▶ Data for processing
☆ ☆ ☆ ☆ ☆ ☆ ☆
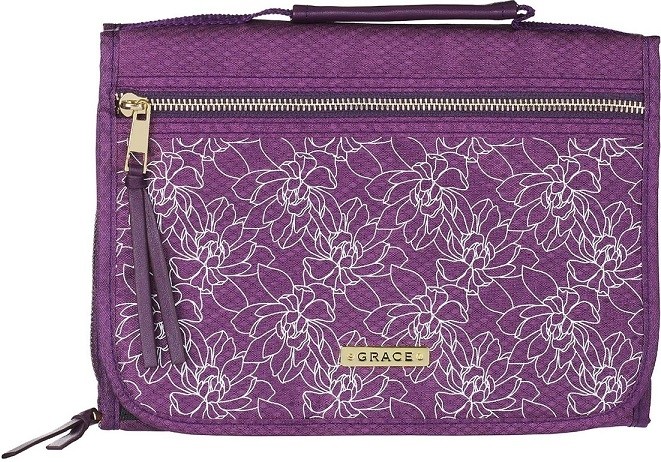 Funda para Biblia Grace. Organizador desplegable. Poliester. Morado floral - L (inglés)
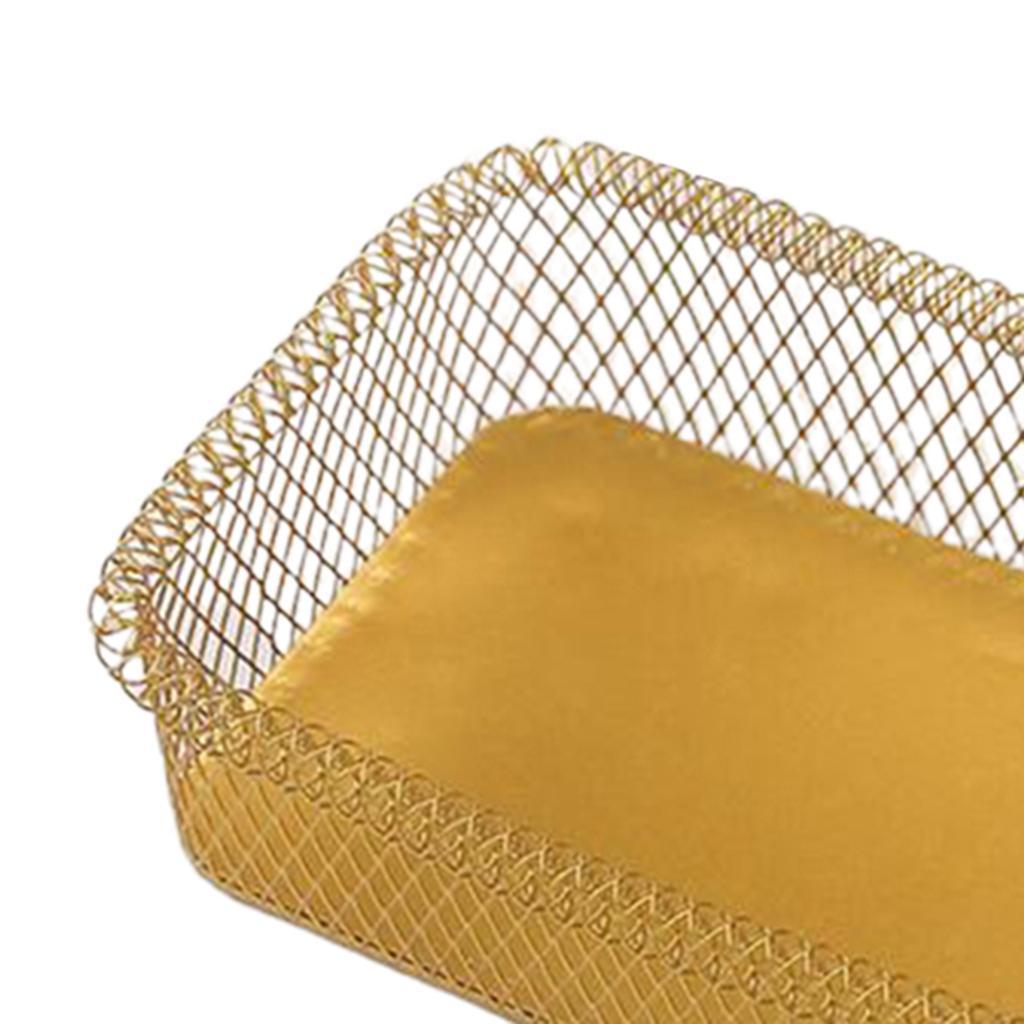 Maxbell Nordic Style Fruit Snack Basket Bowl Large Capacity Living Room Decor Golden Rectangle L - Aladdin Shoppers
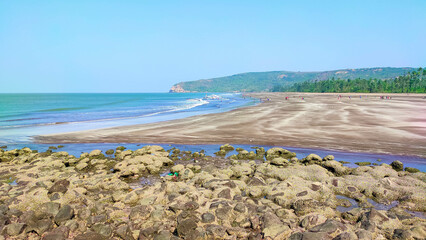 beautiful landscape scenery at harihareshwar beach in maharashtra in india.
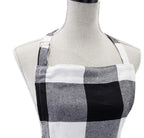 Fennco Styles Black and White Buffalo Check Plaid Cotton Kitchen Home Apron (24" x 36")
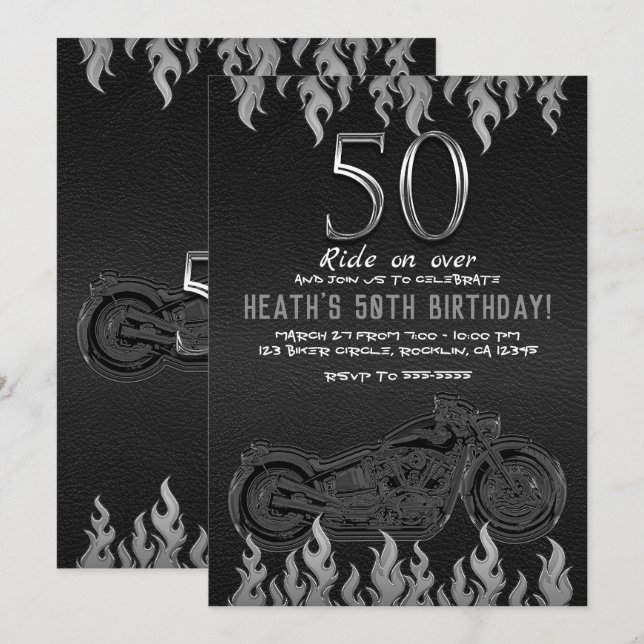 Invitation Motocyclette en cuir noir 50E 50 Anniversaire (Devant / Derrière)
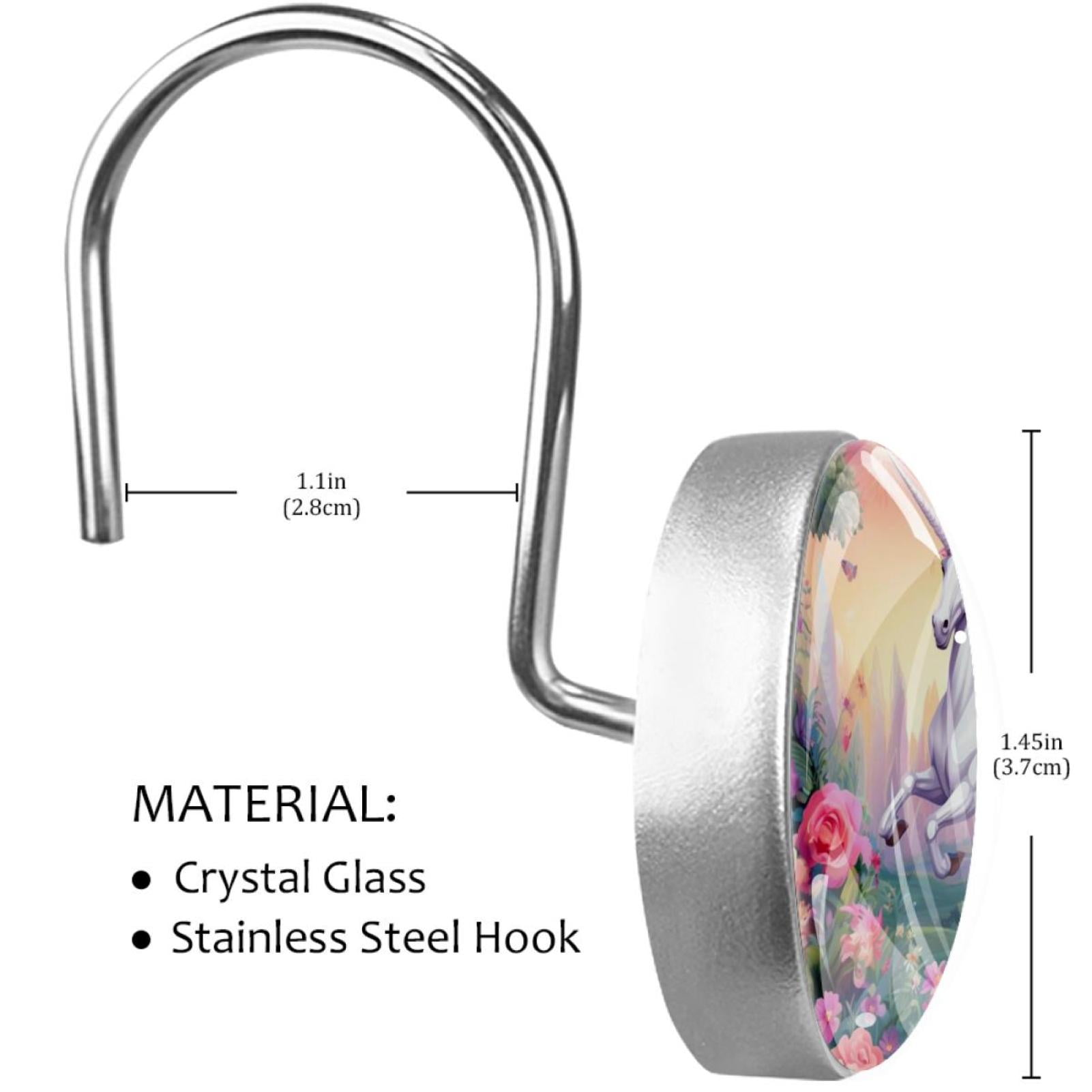 Unicorn Shower Curtain Hooks （Set of 12） for Home Hotel Shower Rods Bathroom Crystal Glass Print Stainless Steel Round Curtain Hooks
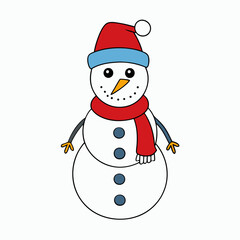 Snowman with hat isolated on white, Snowman vector illustration, Christmas Snowman vector art, Snowman silhouette, christmas Snowman vector icon, eps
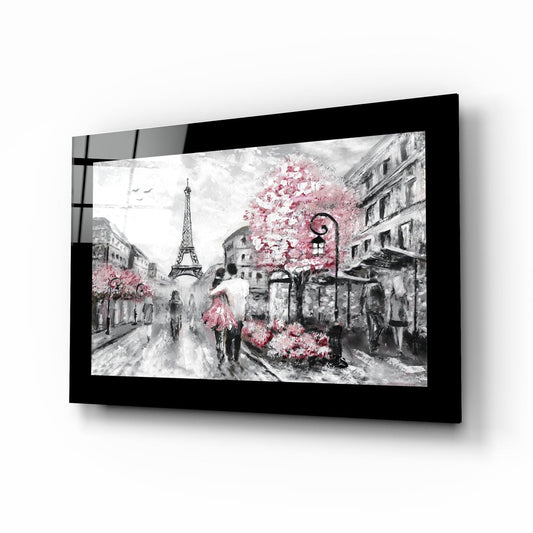 Pink and Paris selective color glass wall art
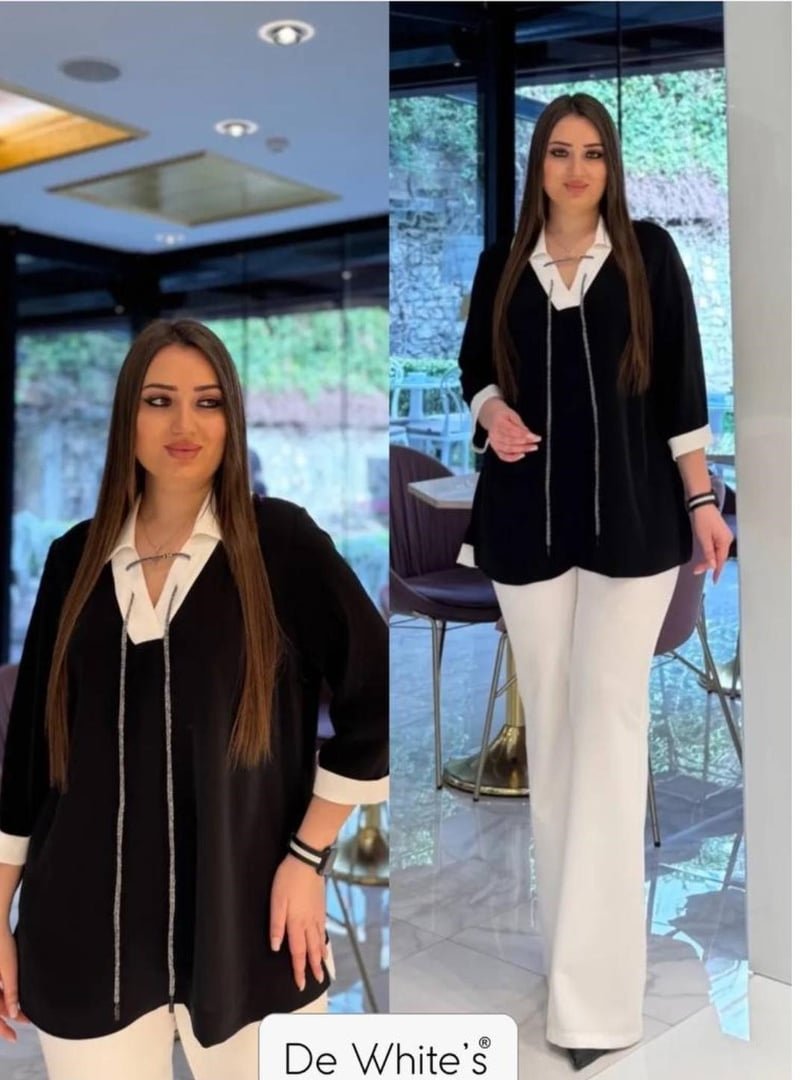 De White`s Siyah Büyük Beden Gömlek Yaka Bluz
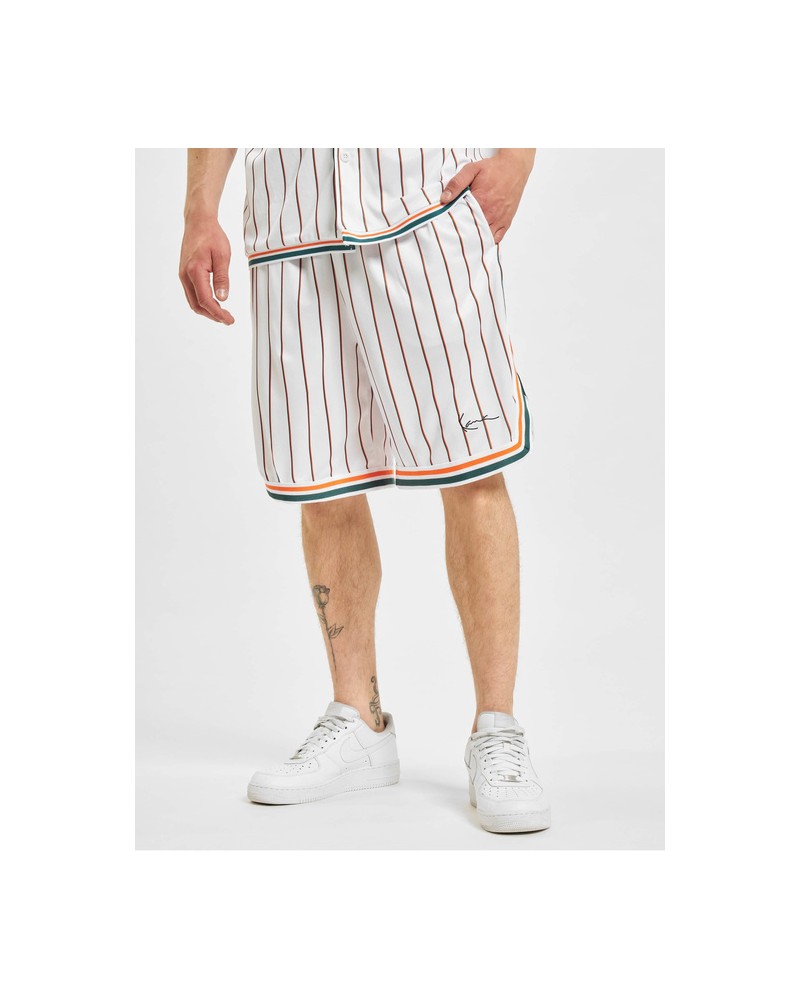Karl Kani Small Signature Pinstripe Mesh Shorts Blanc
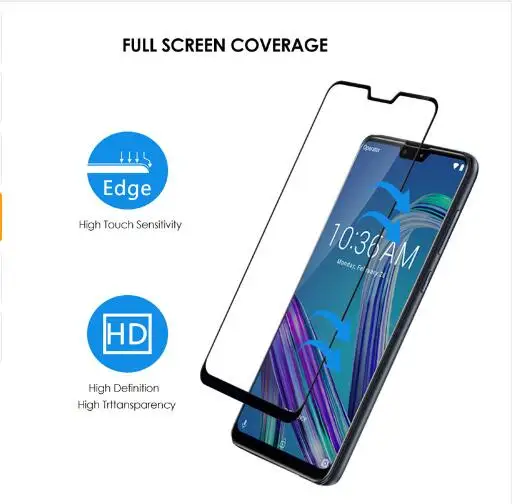 Закаленное стекло с полным клеем для Asus Zenfone Max Pro M2 полное покрытие 9H Защитная
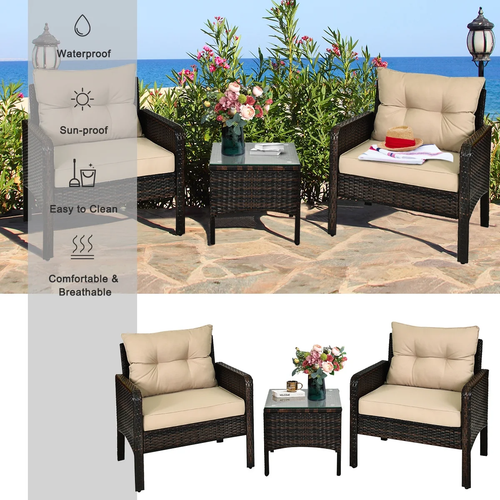 3PCS Patio Outdoor Rattan Furniture Set Brown W/ Cushioned Chairs Coffee Table - Picture 7 of 12
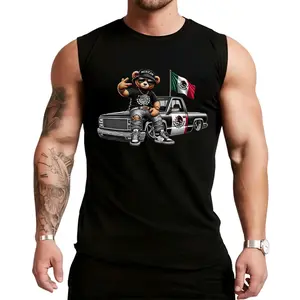 Fashion Trends  HAGBDH Sporsity Men Graphic Vest with Mexican bear sick truck design Stylish Casual Wear Trendy Fashion Streetwear  Graphic Sleeveless Crew Neck Top for Summer,Graphic Tees Sports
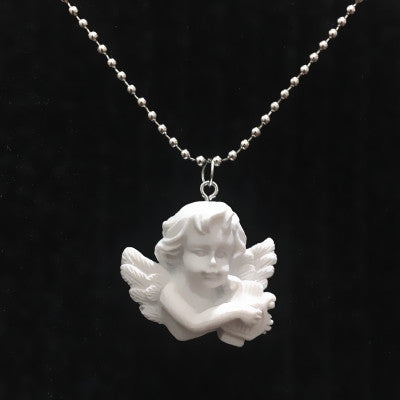 Cute Cupid Angel Pendant Stainless Steel Necklace, Long Chain Baby Shaped Jewelry Sweetheart for Women Man Friendship Girl Gifts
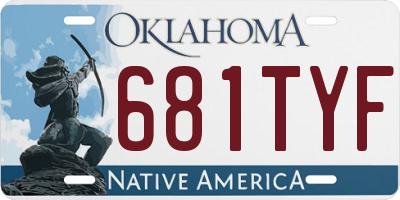 OK license plate 681TYF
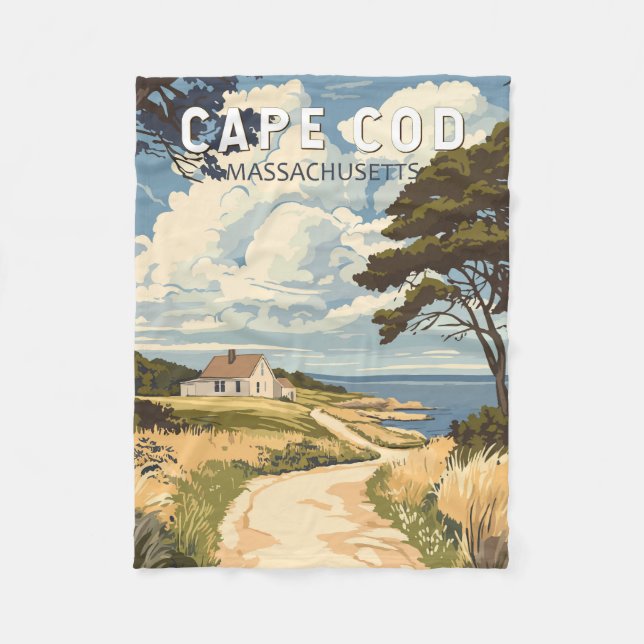 Cape Cod Massachusetts Travel Art Vintage Fleece Blanket (Front)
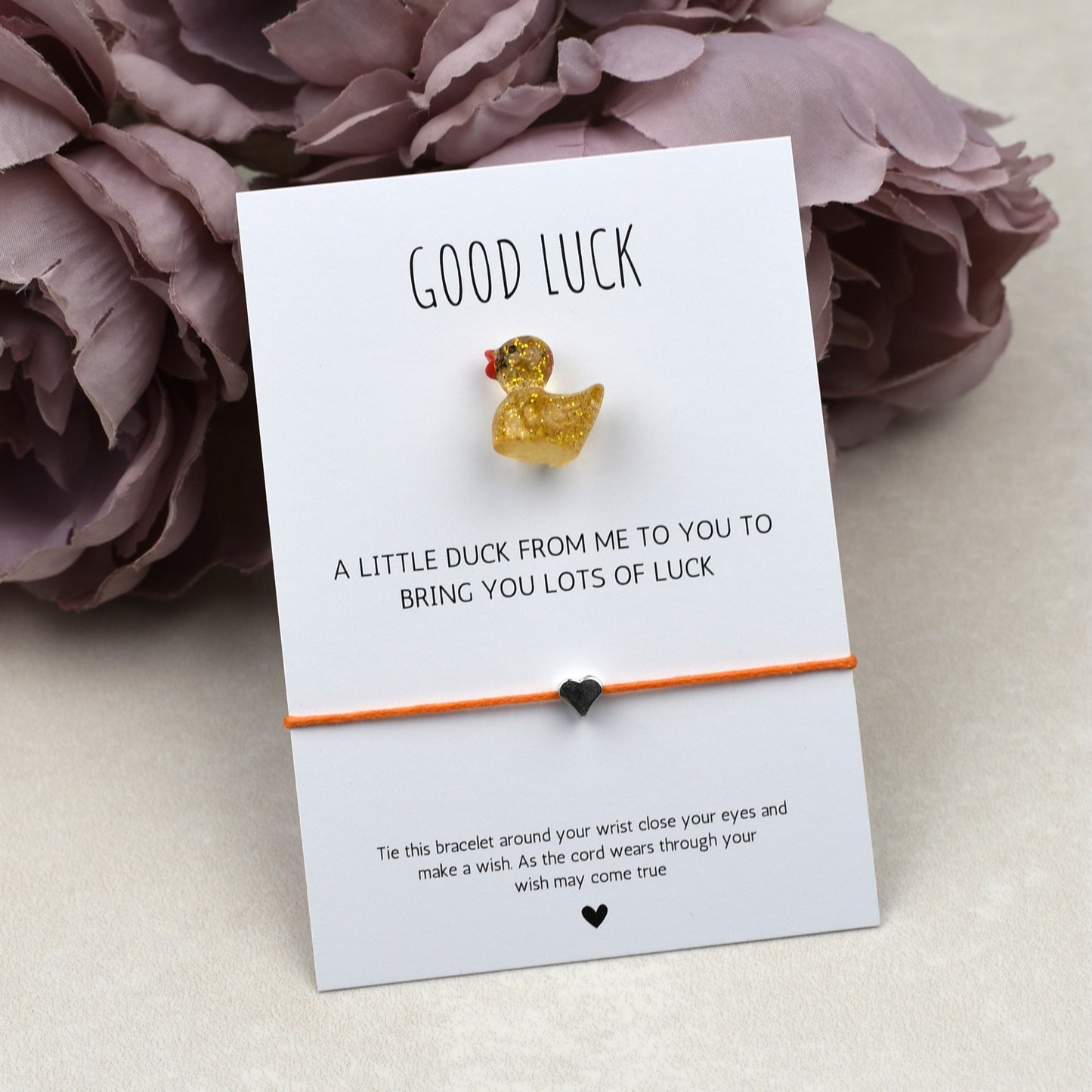 CLEARANCE - Good Luck Duck and Wish Bracelet Set - Glitter Duck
☆ ☆ ☆ ☆ ☆ ☆ ☆
▶ Directions for this task
Leave out the pictures and repeat the lines from the start of the material through the line with "Invitation Motocyclette en", inclusive.

▶ Your solution
 Funda para Biblia Grace. Organizador desplegable. Poliester. Morado floral - L (inglés)
 Maxbell Nordic Style Fruit Snack Basket Bowl Large Capacity Living Room Decor Golden Rectangle L - Aladdin Shoppers
 beautiful landscape scenery at harihareshwar beach in maharashtra in india.
 Fennco Styles Black and White Buffalo Check Plaid Cotton Kitchen Home Apron (24" x 36")
 Invitation Motocyclette en cuir noir 50E 50 Anniversaire (Devant / Derrière)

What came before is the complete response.